DATASET RECORDS section start

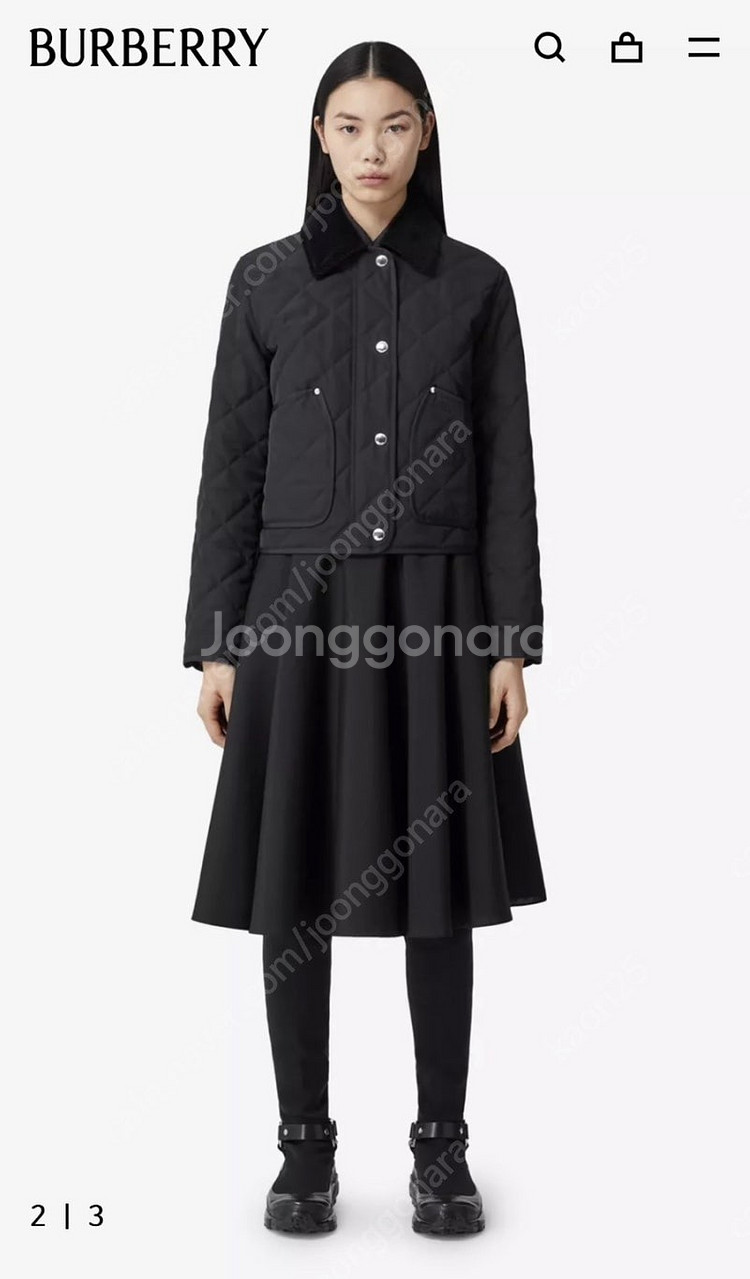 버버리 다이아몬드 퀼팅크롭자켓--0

DATASET RECORDS section end
DATASET RECORDS section start

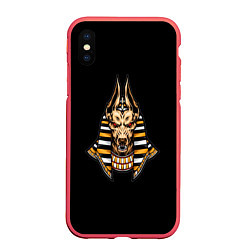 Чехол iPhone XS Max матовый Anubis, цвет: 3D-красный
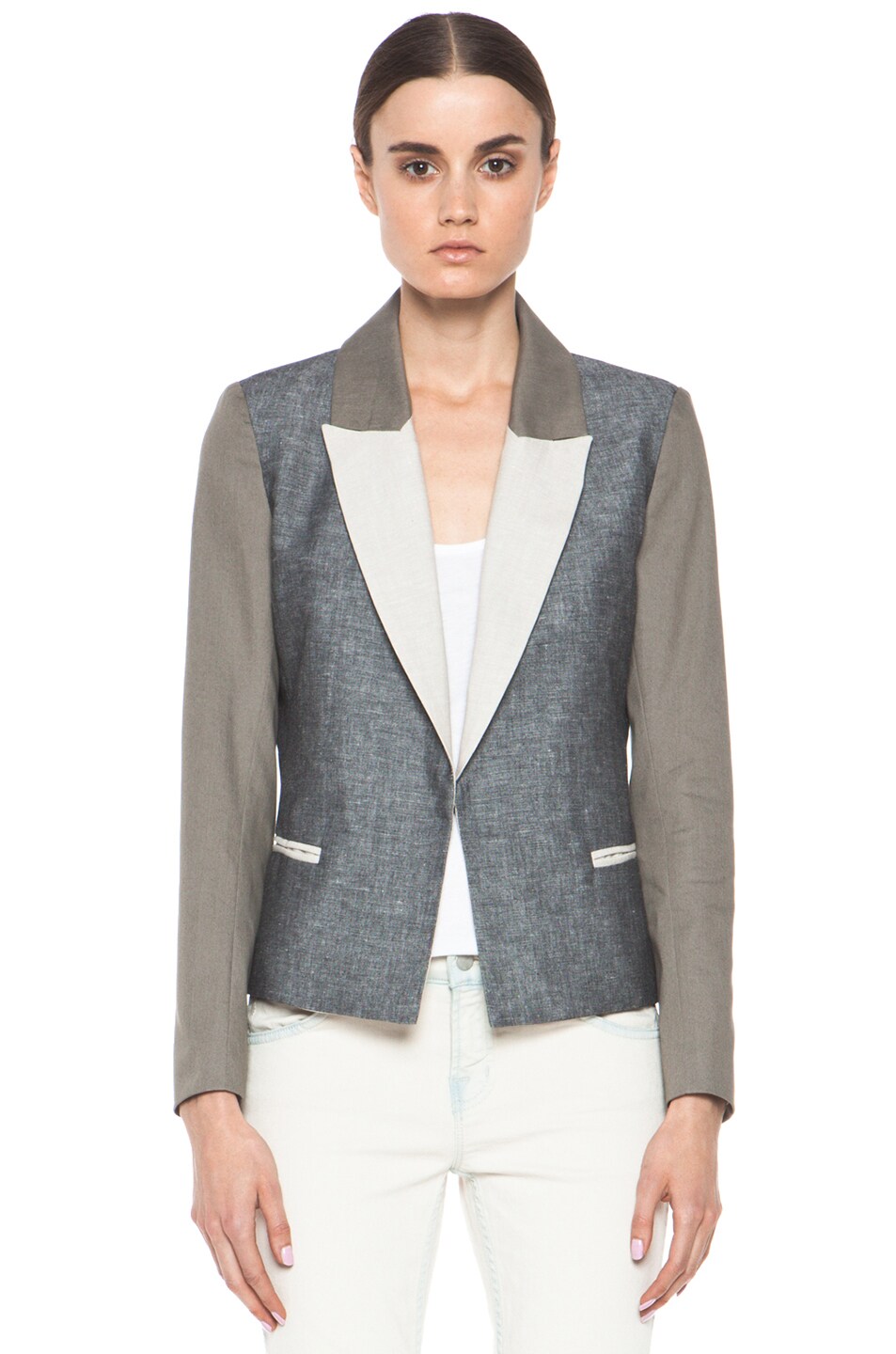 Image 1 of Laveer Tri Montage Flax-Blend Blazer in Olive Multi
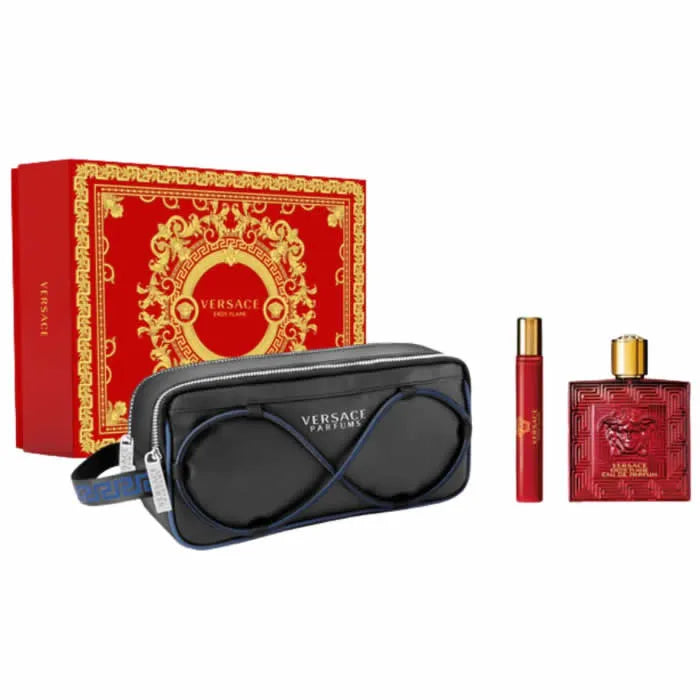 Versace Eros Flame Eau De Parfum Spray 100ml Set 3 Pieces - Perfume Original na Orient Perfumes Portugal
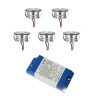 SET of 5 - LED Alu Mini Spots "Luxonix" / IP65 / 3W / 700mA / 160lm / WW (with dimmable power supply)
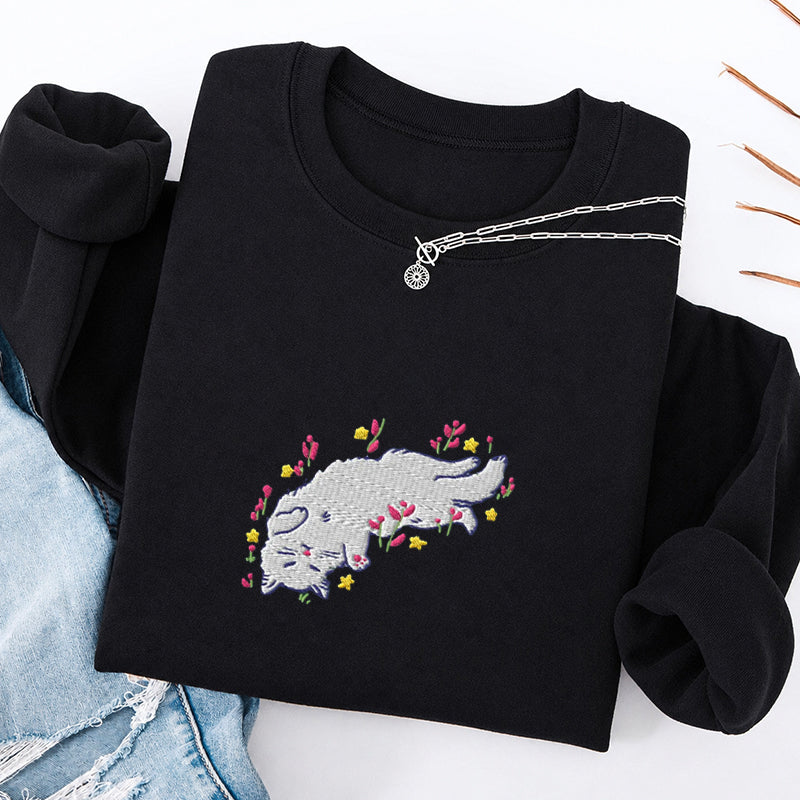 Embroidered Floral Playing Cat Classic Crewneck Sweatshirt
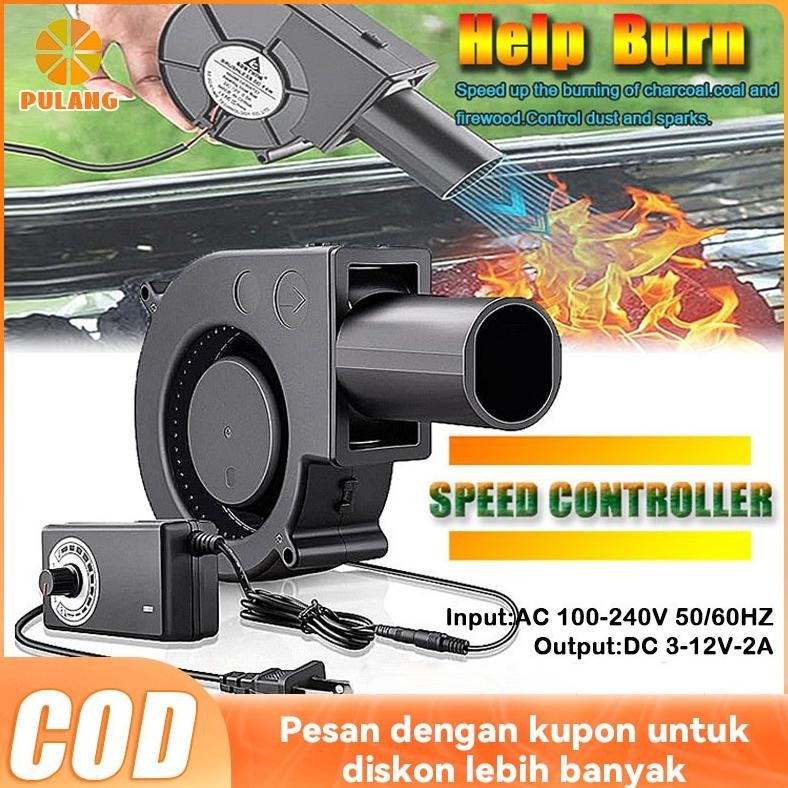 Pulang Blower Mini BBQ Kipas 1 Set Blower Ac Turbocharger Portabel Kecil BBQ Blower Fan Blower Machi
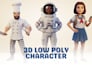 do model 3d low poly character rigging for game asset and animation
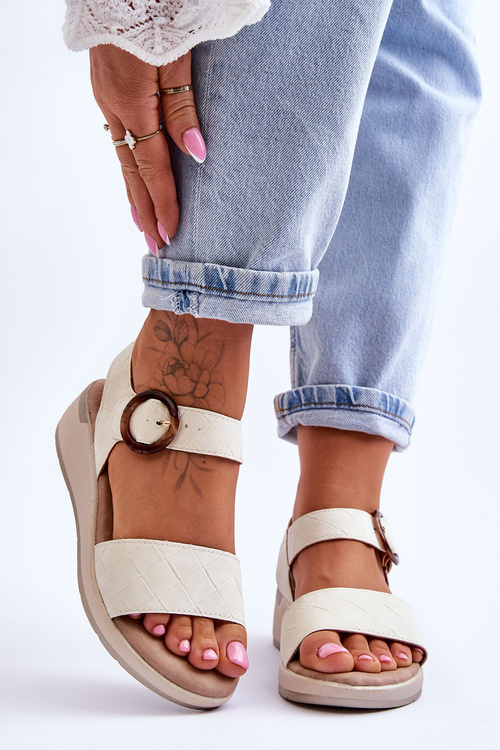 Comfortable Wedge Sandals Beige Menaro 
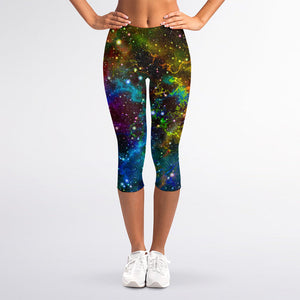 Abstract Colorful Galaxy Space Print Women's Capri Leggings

DATASET RECORDS section end

In the listing above, find the line containing "Comfortable Wedge Sandals Beige Menaro" and the line containing "Abstract Colorful Galaxy"; print those lines and every line between them exactly, leaving out pictures.

THE ANSWER:
 Comfortable Wedge Sandals Beige Menaro 
 Abstract Colorful Galaxy Space Print Women's Capri Leggings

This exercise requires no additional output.